What the exercise asks – With pictures removed, print the listing exactly.

Dataset section –
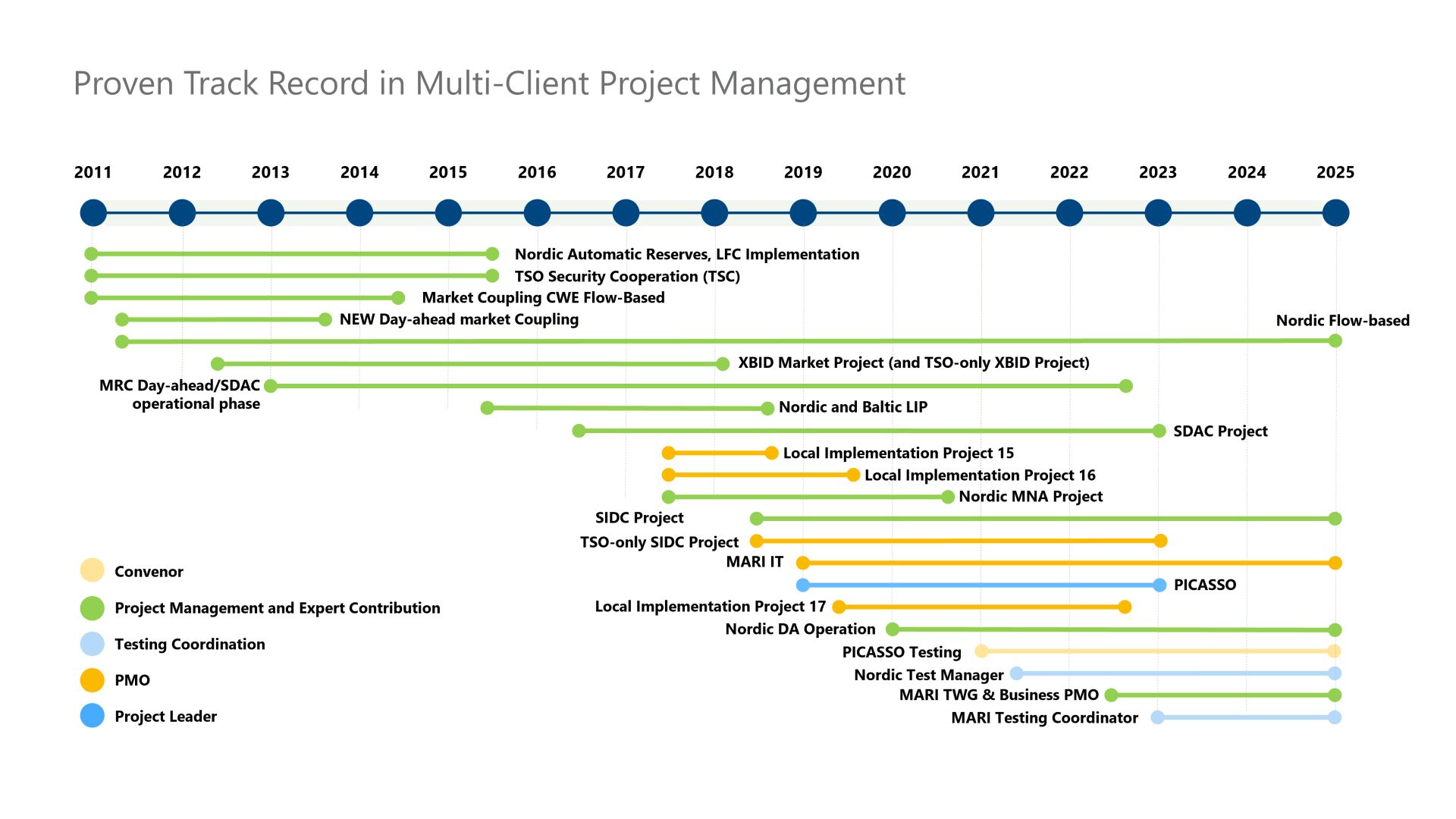 European Market Coupling_E-Bridge involvement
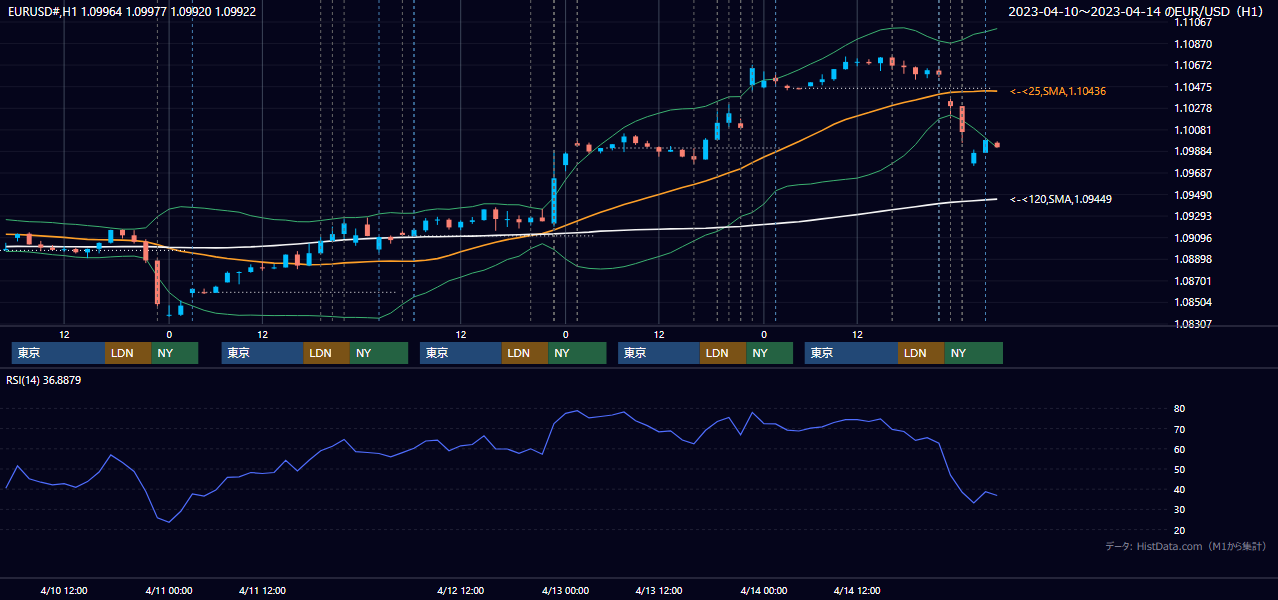 2023年4月10日(月)〜4月14日(金) EUR/USD 1時間足チャート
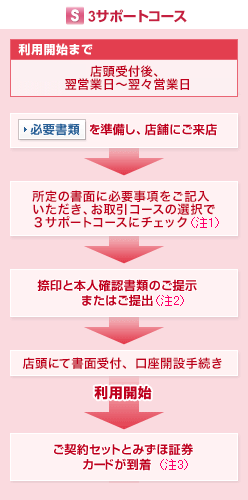 3サポートコース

Reply to the task –
 European Market Coupling_E-Bridge involvement
 2023年4月10日(月)〜4月14日(金) EUR/USD 1時間足チャート
 3サポートコース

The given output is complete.